**What you need to do**. The answer must be a single number: the count of lines in the records below that contain the word "White".

**Records for processing**.
——

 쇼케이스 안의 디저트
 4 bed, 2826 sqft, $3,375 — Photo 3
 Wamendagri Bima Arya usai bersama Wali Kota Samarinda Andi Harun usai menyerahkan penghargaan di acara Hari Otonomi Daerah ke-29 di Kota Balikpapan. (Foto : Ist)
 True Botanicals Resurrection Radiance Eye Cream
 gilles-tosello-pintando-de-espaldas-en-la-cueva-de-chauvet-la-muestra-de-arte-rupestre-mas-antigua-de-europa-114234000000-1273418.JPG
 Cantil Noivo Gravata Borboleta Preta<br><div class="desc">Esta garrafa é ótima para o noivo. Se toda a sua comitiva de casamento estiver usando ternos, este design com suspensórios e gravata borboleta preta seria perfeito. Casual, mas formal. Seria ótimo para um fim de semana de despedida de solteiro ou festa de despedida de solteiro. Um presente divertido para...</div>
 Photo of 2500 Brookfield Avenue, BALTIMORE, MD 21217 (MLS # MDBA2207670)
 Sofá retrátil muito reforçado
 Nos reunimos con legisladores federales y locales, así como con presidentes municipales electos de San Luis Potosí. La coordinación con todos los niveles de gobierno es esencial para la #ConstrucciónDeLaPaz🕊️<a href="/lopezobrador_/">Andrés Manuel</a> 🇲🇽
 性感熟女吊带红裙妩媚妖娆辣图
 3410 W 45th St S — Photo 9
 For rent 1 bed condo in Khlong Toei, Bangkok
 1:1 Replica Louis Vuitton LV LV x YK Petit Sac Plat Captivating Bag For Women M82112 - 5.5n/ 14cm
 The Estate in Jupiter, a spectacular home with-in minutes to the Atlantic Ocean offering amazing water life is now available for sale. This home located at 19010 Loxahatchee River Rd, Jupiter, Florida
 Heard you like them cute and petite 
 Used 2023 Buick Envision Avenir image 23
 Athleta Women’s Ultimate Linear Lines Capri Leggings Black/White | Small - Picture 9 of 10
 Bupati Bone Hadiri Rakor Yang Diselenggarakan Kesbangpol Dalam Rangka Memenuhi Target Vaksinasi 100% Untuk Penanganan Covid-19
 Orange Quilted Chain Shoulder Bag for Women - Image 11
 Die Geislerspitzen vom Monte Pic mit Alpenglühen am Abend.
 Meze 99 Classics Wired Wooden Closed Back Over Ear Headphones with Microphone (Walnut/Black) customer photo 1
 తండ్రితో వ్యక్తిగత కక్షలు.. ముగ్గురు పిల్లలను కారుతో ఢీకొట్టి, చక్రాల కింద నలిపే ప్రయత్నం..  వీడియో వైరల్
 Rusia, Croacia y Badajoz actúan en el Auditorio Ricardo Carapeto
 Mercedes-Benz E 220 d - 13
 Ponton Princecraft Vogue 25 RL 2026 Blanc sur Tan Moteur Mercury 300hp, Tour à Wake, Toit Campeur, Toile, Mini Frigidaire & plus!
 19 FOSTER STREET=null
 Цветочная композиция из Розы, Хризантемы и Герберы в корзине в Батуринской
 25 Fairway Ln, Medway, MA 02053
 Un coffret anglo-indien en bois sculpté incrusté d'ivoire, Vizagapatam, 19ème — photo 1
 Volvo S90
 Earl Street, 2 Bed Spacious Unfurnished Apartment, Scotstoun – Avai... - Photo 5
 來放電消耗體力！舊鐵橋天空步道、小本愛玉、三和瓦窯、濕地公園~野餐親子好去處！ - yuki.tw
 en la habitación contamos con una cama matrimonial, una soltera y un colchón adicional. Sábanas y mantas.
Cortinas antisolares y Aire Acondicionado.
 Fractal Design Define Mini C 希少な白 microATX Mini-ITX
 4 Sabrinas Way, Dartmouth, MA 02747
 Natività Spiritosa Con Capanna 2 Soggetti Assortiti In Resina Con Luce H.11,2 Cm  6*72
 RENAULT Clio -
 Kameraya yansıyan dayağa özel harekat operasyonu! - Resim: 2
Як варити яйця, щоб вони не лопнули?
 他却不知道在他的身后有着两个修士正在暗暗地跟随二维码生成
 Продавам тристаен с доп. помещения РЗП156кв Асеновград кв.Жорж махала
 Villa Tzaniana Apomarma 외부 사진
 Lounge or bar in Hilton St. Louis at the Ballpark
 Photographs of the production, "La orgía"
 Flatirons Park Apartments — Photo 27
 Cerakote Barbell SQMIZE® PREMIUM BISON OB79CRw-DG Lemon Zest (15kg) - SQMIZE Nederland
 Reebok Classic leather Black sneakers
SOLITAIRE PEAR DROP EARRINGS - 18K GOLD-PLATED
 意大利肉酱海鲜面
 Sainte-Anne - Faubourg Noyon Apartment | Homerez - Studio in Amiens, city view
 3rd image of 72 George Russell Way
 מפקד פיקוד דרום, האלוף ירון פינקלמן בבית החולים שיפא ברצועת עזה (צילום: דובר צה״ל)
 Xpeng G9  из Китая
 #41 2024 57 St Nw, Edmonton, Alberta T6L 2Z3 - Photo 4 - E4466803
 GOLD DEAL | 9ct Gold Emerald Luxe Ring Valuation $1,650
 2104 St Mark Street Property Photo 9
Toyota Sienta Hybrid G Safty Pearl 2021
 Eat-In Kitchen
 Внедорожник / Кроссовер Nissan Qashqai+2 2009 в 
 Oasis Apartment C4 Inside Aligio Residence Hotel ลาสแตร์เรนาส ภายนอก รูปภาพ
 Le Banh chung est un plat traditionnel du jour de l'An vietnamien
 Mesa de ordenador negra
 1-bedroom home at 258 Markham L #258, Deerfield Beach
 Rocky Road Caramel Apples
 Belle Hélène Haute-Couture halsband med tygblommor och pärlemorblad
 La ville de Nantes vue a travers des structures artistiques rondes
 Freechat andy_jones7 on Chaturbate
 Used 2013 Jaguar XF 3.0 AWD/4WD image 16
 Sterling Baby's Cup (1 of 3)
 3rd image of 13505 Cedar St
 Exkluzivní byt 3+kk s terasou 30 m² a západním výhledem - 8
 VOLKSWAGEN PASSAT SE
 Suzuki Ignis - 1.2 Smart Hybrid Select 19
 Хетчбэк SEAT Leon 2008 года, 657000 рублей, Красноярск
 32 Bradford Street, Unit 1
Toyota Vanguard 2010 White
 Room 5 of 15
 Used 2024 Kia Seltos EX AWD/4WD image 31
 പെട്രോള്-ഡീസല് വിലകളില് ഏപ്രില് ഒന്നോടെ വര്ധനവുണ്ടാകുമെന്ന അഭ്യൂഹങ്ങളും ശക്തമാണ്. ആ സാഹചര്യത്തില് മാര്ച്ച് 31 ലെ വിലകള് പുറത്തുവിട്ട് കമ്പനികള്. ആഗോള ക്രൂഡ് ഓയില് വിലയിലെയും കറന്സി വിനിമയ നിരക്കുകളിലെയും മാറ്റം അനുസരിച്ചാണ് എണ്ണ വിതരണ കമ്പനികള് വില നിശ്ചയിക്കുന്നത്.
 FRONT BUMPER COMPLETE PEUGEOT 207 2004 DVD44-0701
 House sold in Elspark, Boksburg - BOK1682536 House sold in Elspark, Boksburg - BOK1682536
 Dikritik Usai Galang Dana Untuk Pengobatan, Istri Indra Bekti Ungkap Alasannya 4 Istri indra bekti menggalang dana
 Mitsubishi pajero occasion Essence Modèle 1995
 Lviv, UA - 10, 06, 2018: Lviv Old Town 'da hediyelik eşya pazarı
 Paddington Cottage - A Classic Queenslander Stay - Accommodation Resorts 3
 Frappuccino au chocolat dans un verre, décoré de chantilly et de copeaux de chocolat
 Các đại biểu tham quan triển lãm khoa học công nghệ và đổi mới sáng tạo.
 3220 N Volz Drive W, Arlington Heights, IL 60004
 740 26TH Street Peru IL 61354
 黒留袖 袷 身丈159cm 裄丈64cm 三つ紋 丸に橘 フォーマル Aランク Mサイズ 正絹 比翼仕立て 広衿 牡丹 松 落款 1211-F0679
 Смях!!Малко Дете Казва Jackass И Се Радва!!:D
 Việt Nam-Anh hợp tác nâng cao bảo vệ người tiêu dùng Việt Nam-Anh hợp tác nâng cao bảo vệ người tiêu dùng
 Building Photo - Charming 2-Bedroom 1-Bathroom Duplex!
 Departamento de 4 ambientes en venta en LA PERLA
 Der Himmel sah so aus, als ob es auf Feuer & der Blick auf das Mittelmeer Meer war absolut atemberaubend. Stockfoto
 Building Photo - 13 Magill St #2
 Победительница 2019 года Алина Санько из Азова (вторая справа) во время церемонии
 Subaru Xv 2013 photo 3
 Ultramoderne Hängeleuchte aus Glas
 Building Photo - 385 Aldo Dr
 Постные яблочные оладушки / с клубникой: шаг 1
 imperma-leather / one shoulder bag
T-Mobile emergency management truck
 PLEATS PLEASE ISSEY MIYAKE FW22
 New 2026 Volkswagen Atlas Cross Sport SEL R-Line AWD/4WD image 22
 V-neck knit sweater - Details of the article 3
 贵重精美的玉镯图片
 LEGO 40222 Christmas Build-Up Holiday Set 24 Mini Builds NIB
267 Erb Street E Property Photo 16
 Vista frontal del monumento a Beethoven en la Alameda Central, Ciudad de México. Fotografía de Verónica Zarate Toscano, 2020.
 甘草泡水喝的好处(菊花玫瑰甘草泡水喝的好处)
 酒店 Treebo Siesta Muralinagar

——

**Finished exercise**. 2